I should know that by now, but I convinced myself that this time would be different. At the beginning I was talking about a 3-month trial contract, knowing the risk, and then I just got overexcited and dove in head-first.
Before taking this job I was approaching critical mass - between hytradboi, github sponsors, a grant from emergent ventures and a sprinkle of consulting, I had assembled the equivalent of a postdoc position in a field that doesn't really exist yet. I gave that up to take this job, and that made it very hard to admit that I had made a mistake. On top of that I convinced myself that it was worth sticking to something for the experience of persevering itself, so I was determined to stick it out for at least two years.
What finally nudged me over the edge was reading Quit. It read like a chapter-by-chapter checklist: Have you been thinking about quitting regularly for a long time? Are you reluctant to let of of the large sunk costs? Are you continuing solely because of commitment to some arbitrary goal? Are you worried people will think you are a quitter? Have you started gnashing your teeth in your sleep?
Ok, that last one was not in the book, but physical pain seems like a good place to draw the line.
So I'll go back to what I was doing before. Being independent was hard and I was often filled with doubt, but it is the only path I've tried that has felt right.

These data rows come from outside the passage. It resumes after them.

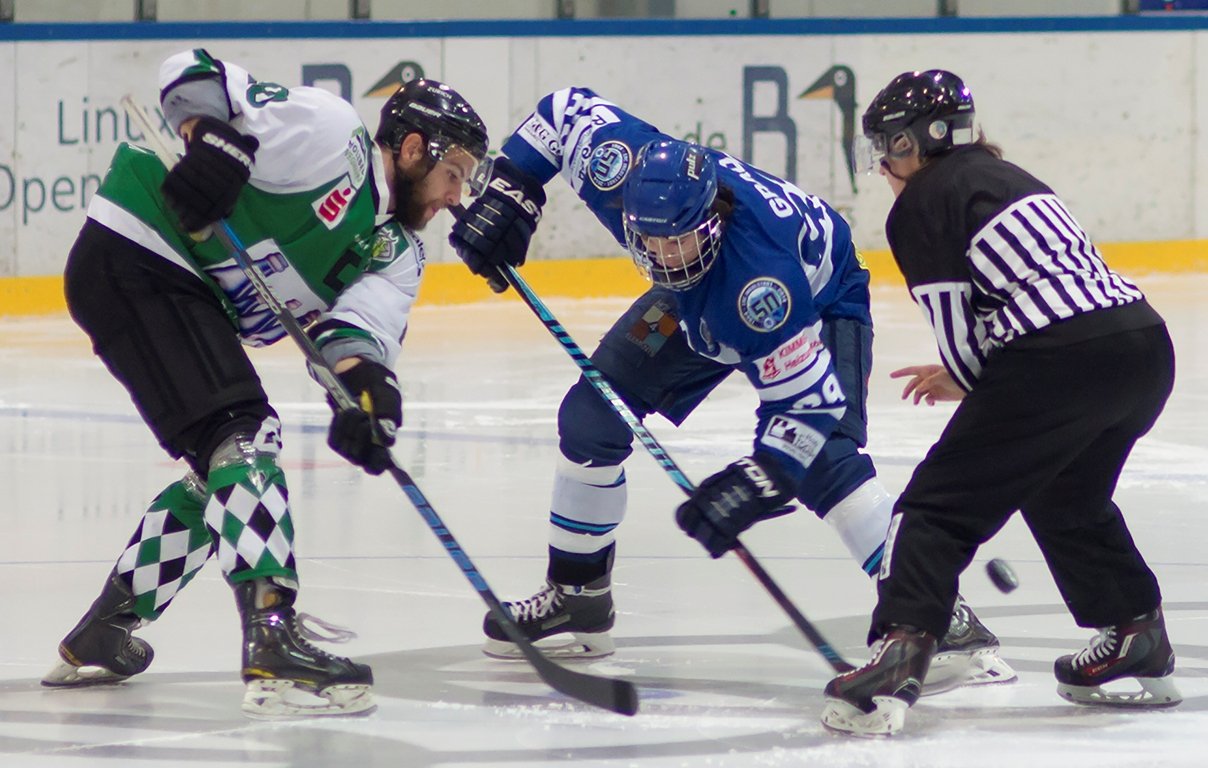 ERC Ingolstadt vs EHC Mitterteich Eishockey Sport Mitterteich Eishockeyclub Patrick Pfänder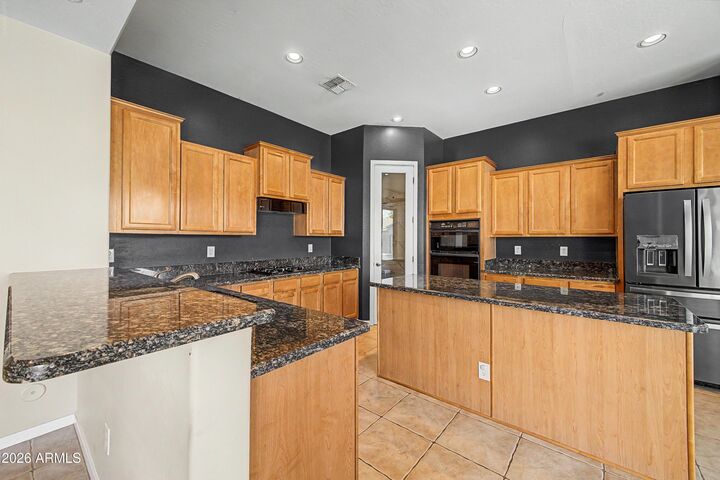 Property Photo: 1902 E Desert Lane AZ 85042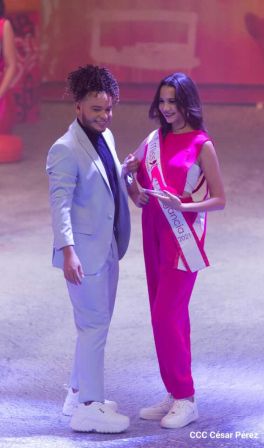 Miss Teen: Arte, Belleza e Identidad Cultural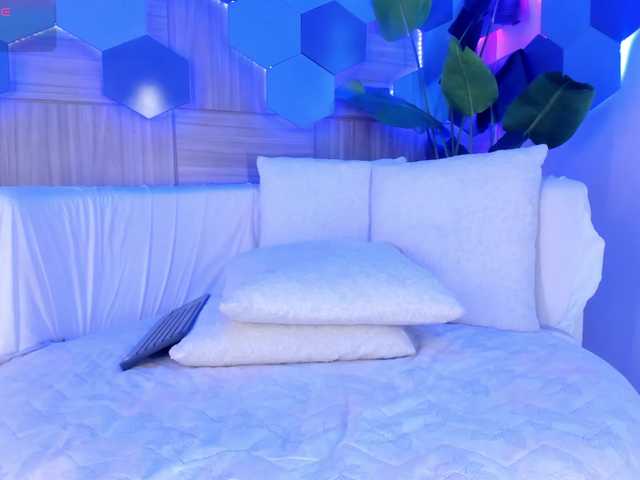 KatyaKozlov's BongaCams show and profile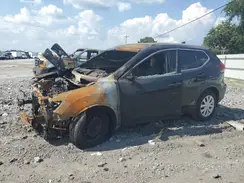 JN8AT2MVXJW315274 2018 NISSAN ROGUE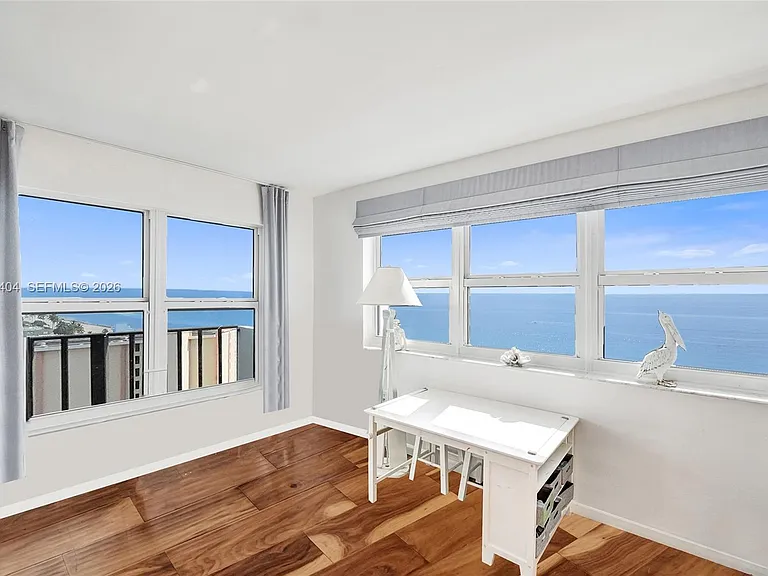 1201 S Ocean Dr #1702N — Photo 9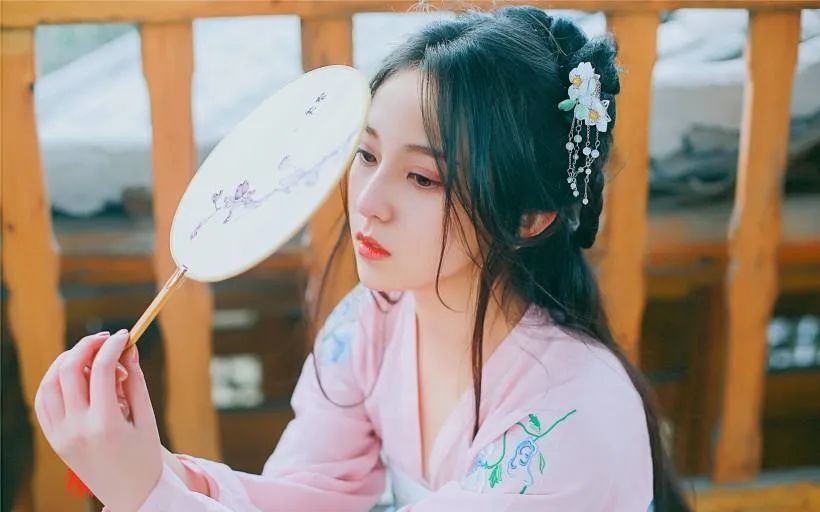 含蓄的表达思念的诗句（委婉地表达思念之情的古诗欣赏）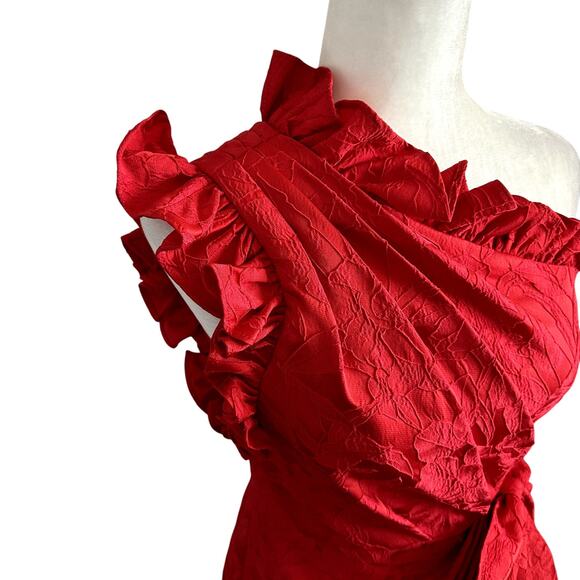 Monique Lhuillier Dress 2 - Picture 6 of 10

I don't know exactly what that will look like. I'm proud of my smaller projects from 2020/21 (eg internal consistency, hytradboi, why dida), but my work on imp felt overwhelmingly hard and was pulled in too many different directions. It's clear that I have to do something differently, but I don't know yet what that will look like.
My time at tigerbeetle was mostly spent testing, debugging and optimizing the storage engine, alongside @kprotty. I recently backported a simple benchmark sending 10m transfers between 2 accounts (more interesting benchmarks were harder to backport). Back in 2022 Dec 6 we were averaging 2,734 transfers/second with a peak (closed loop) latency of 14,749ms. By 2023 Apr 14 we had it up to 120,397 transfers/second with a peak latency of 3,817ms. That feels pretty satisfying.
Some substantial share of the credit is due to tracy. I'm glad that tigerbeetle is now sponsoring tracy, and I'll continue sponsoring them myself.